As people filed into the theatre, a series of dancers could be seen casually walking across the stage to look up at a light bulb dangling from a cord just out of reach. The bulb is unlit. One by one and in groups, dancers attempted to reach the light bulb as people continue to file into the theatre. A bespectacled dancer came out to address the audience on a couple of different occasions. With carefully studied and elegantly executed shyness, the bespectacled dancer asked as politely as possible that everyone turn off their cell phones and asks that we not use flash photography. What starts out as a visual “how many dancers does it take to turn on a light bulb?” joke becomes the opening visual of the show, takes place as one dancer finally hit the visual punch line: she brings out a ladder.
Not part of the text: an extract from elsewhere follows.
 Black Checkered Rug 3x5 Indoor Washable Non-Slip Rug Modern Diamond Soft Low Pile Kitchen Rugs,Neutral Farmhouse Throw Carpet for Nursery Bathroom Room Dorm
From here, things get kind of narrative. In the printed program, Figg Franzoi speaks of a simple story featuring an character archetype based on the character of Sharkey from Anderson’s 1984 album Mister Heartbreak. An army of people reaching for a light bulb hanging underneath a single ladder and the beautifully dream-like voice of Anderson get the program going quite pleasantly. Some of the other more memorable moments include a particularly hypnotic bit of choreography to Anderson’s song From The Air. A lead dancer in a captain’s hat moves around amongst a number of passengers. The choreography for Sweaters had to be the single best bit in the entire show. A number of dancers come out wearing what appear to be very thin, form-fitting knit sweaters. One by one, they move around taking one sweater off after the next—all of them brightly colored. One sweater is taken off to reveal another, then another in a visual trick not unlike a magician’s chain of silk scarves out of a top hat. The song ends and the stage is littered with brightly colored sweaters . . .
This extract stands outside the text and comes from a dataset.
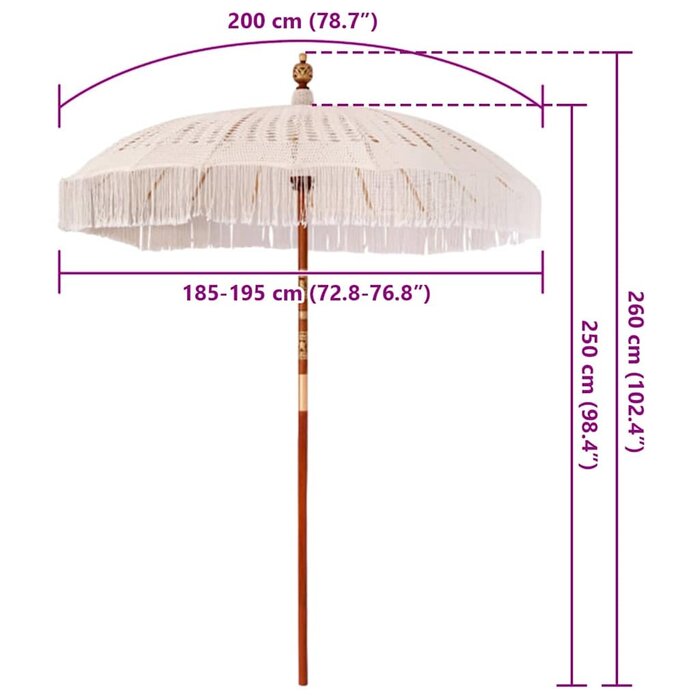 Vidaxl Makramee-Sonnenschirm Creme 190x260 cm - Bohemian Stil - bis zu 35% Rabatt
The movements and visuals all weave together to tell a story, but it’s not at all forced. The story being told here is more abstract than it is descriptive. The recurring business motif is interesting . . .and its oddly natural seeing people dance around in a ballet with white shirts and ties. The whole thing is very dreamlike, with the everything ending on a much more unified image of everyone reach for the bulb under the ladder. The really interesting bit with that last piece was the fact that it was choreographed to Anderson’s song Sharkey’s Night. It’s a track featuring the worn, world-weary voice of William S. Burroughs speaking the words of Anderson. It’s oddly appealing and discordant seeing people move around gracefully to muic that feature Burroughs’ voice. Burroughs says, “Paging Mr. Sharkey.” They’re gathered around the ladder. “White courtesy telephone please,” says Burroughs. The lights fade out. Wow.

In just a few hours, I will be seeing the final performance of the festival—a matinee of Conor Sullivan’s Life Story Project. I have almost no idea of what to expect. If Figg-Franzoi’s piece is any indication, it could be really interesting.